May 10, 2026
7 lines, infinite opinions
7 lines of code, 3 minutes: Implement a programming language (2010)
A tiny code trick blew minds as commenters argued if this is genius or just showing off
TLDR: A classic article says you can build a tiny but surprisingly powerful programming language in minutes, turning a scary topic into something almost playful. Commenters split between calling it essential learning for everyone and mocking it as a neat trick done in a language that already makes the job easy.
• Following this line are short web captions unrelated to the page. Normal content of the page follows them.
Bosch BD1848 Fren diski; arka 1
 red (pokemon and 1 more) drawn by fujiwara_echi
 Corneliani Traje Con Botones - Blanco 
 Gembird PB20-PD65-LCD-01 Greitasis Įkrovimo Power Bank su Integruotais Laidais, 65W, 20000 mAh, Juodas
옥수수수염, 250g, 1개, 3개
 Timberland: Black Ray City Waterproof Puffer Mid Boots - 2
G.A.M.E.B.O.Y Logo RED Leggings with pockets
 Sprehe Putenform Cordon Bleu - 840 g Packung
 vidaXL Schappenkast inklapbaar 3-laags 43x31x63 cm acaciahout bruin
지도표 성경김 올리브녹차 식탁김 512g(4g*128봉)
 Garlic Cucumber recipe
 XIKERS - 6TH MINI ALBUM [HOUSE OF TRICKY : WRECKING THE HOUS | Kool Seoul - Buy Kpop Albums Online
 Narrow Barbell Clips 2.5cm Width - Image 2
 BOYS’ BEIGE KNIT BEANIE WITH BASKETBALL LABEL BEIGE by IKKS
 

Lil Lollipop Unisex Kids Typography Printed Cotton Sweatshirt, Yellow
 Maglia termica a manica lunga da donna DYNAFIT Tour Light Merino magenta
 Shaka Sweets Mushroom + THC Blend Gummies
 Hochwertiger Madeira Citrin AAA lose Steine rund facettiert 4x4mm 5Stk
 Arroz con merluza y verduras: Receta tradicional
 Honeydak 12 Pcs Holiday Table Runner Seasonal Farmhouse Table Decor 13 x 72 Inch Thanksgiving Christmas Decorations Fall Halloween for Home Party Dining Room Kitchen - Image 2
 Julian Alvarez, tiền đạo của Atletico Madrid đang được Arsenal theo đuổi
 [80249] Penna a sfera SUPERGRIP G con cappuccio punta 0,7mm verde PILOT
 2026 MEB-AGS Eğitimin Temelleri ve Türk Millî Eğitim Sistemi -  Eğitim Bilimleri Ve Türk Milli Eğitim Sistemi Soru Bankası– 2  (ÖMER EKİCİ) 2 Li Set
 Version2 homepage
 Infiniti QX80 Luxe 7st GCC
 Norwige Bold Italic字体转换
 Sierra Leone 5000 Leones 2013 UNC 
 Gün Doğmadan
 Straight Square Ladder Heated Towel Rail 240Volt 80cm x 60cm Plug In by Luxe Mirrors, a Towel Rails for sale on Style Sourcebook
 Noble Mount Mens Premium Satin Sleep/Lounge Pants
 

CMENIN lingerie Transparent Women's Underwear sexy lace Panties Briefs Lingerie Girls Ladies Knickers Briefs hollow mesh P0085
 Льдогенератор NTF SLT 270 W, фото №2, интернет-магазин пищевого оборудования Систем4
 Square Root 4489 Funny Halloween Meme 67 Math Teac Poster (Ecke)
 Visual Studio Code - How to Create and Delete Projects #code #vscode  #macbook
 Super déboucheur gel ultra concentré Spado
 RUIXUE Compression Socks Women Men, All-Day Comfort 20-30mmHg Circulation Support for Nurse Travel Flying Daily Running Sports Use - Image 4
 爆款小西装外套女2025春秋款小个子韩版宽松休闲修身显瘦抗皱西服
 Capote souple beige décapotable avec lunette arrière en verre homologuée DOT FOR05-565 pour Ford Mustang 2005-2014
A 2010 post claiming you can build a whole programming language in 7 lines of code and about 3 minutes has sparked exactly the kind of reaction you’d expect online: awe, eye-rolls, nitpicking, and a little nerd poetry. The article itself is basically a love letter to the idea that making your own language teaches you how computers really think. It uses an ultra-minimal system of functions and shows how something that looks tiny can still be powerful enough to run forever, crash your brain, or both.
But the real show is in the comments. One camp was utterly charmed, calling the exercise a “lovely experience” because it forces you to decide which ideas matter and which are just clutter. Another went even bigger, arguing this kind of thing should be part of everyone’s education, right alongside building a simple computer from blinking lights, because modern life runs on software whether you’re buying a croissant or casting a vote.
Then came the skeptics. One commenter delivered the thread’s sharpest side-eye: this is basically “implement lambda calculus in languages that are pretty much lambda calculus,” which is internet shorthand for: Congrats on doing the easy version in a language already built for it. Another commenter went full gotcha mode on the JavaScript example, posting error messages like a courtroom exhibit and asking, essentially, “Am I missing something, or is this wrong?” Meanwhile, one fan casually revealed the article has been their X banner for a decade, which is either wholesome devotion or peak programmer fandom depending on your mood.
Key Points
- •The article presents a 7-line interpreter for a Turing-equivalent functional programming language based on lambda calculus.
- •It includes three implementations: a 7-line Scheme version, a Racket reimplementation, and a 100-line interpreter with additional language features.
- •The article describes lambda calculus as having only three expression types: variable references, anonymous functions, and function calls.
- •It explains that Alonzo Church developed lambda calculus in 1929 and that it was later shown to be computationally equivalent to Alan Turing's Turing machine.
- •The article uses examples such as the identity function and the non-terminating Omega expression before introducing the interpreter as an environment-based denotational interpreter in R5RS Scheme.